**RECORDS FOR THE EXERCISE:**
:::::

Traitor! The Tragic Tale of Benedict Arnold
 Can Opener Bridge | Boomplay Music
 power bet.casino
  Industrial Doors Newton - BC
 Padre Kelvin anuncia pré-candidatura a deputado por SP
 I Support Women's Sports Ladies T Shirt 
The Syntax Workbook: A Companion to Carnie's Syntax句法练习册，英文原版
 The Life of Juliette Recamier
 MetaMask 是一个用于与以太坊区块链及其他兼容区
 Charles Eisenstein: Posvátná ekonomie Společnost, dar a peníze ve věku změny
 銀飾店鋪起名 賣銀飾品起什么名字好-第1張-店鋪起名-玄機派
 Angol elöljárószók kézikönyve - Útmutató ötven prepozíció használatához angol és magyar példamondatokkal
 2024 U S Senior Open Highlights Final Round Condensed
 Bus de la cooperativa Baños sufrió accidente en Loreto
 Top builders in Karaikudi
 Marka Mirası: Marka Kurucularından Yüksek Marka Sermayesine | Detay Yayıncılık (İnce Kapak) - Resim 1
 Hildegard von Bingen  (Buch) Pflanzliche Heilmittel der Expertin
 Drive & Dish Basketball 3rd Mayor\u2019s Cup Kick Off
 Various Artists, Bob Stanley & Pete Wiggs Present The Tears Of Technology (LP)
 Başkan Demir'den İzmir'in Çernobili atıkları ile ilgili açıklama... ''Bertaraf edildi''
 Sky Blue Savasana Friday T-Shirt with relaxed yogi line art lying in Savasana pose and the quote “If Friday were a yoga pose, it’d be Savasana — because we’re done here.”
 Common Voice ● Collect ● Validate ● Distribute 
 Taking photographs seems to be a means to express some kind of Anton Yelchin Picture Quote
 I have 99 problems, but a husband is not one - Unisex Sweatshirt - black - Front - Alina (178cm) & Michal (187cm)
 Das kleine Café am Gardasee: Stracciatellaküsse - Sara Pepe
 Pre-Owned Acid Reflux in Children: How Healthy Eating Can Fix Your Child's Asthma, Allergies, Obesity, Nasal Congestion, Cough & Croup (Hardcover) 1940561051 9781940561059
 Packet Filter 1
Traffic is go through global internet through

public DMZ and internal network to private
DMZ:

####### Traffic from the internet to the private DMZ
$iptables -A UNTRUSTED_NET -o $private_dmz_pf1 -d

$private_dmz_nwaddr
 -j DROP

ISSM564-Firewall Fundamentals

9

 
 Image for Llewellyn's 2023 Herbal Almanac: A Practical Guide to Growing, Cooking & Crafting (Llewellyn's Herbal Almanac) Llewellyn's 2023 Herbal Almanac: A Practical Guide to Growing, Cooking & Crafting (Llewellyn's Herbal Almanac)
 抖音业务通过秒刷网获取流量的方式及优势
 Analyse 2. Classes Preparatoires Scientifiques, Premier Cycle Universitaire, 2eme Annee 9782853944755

:::::

**EXERCISE OBJECTIVE:** Retype exactly the lines of the data above that fall between the line with "The Life of Juliette Recamier" and the line with "Başkan Demir'den İzmir'in", inclusive, and add nothing.

**SOLUTION FOR THIS EXERCISE:**
 The Life of Juliette Recamier
 MetaMask 是一个用于与以太坊区块链及其他兼容区
 Charles Eisenstein: Posvátná ekonomie Společnost, dar a peníze ve věku změny
 銀飾店鋪起名 賣銀飾品起什么名字好-第1張-店鋪起名-玄機派
 Angol elöljárószók kézikönyve - Útmutató ötven prepozíció használatához angol és magyar példamondatokkal
 2024 U S Senior Open Highlights Final Round Condensed
 Bus de la cooperativa Baños sufrió accidente en Loreto
 Top builders in Karaikudi
 Marka Mirası: Marka Kurucularından Yüksek Marka Sermayesine | Detay Yayıncılık (İnce Kapak) - Resim 1
 Hildegard von Bingen  (Buch) Pflanzliche Heilmittel der Expertin
 Drive & Dish Basketball 3rd Mayor\u2019s Cup Kick Off
 Various Artists, Bob Stanley & Pete Wiggs Present The Tears Of Technology (LP)
 Başkan Demir'den İzmir'in Çernobili atıkları ile ilgili açıklama... ''Bertaraf edildi''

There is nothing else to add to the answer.